• _WHAT THIS TASK INVOLVES_
The data below holds the lines to copy: everything from the line containing "Samuel García Sepúlveda, Mariana" to the line containing "958 Grove St #2 — photo 3 of 6", both ends included, set down exactly.

++++ RECORDS PROVIDED ++++

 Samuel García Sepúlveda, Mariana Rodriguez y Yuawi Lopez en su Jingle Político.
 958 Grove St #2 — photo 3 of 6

++++
++++ RECORDS PROVIDED ++++

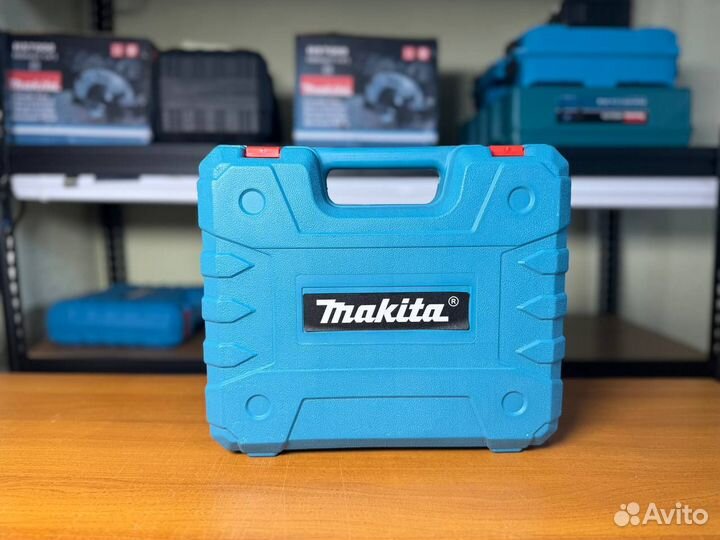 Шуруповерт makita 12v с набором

++++
++++ RECORDS PROVIDED ++++

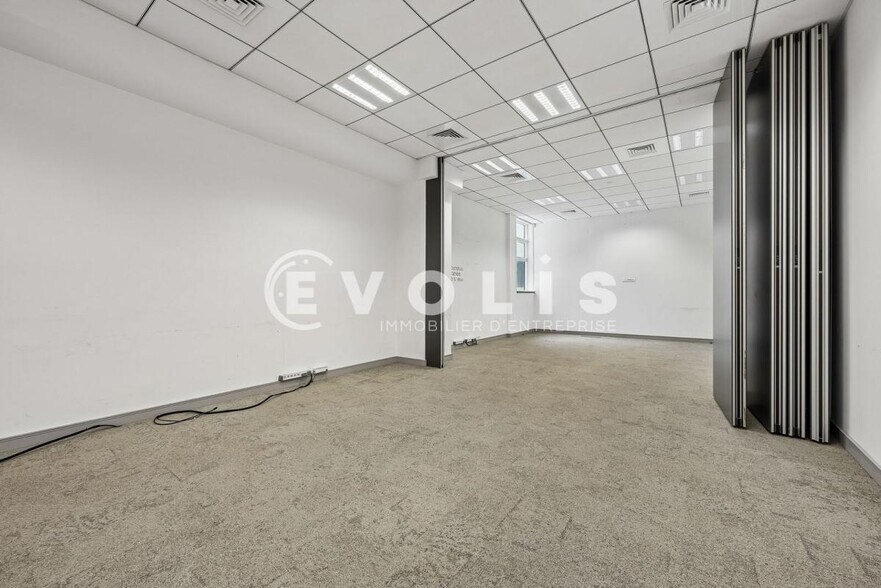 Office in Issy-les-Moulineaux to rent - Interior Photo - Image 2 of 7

++++

• _OUTPUT OF THE TASK_
 Samuel García Sepúlveda, Mariana Rodriguez y Yuawi Lopez en su Jingle Político.
 958 Grove St #2 — photo 3 of 6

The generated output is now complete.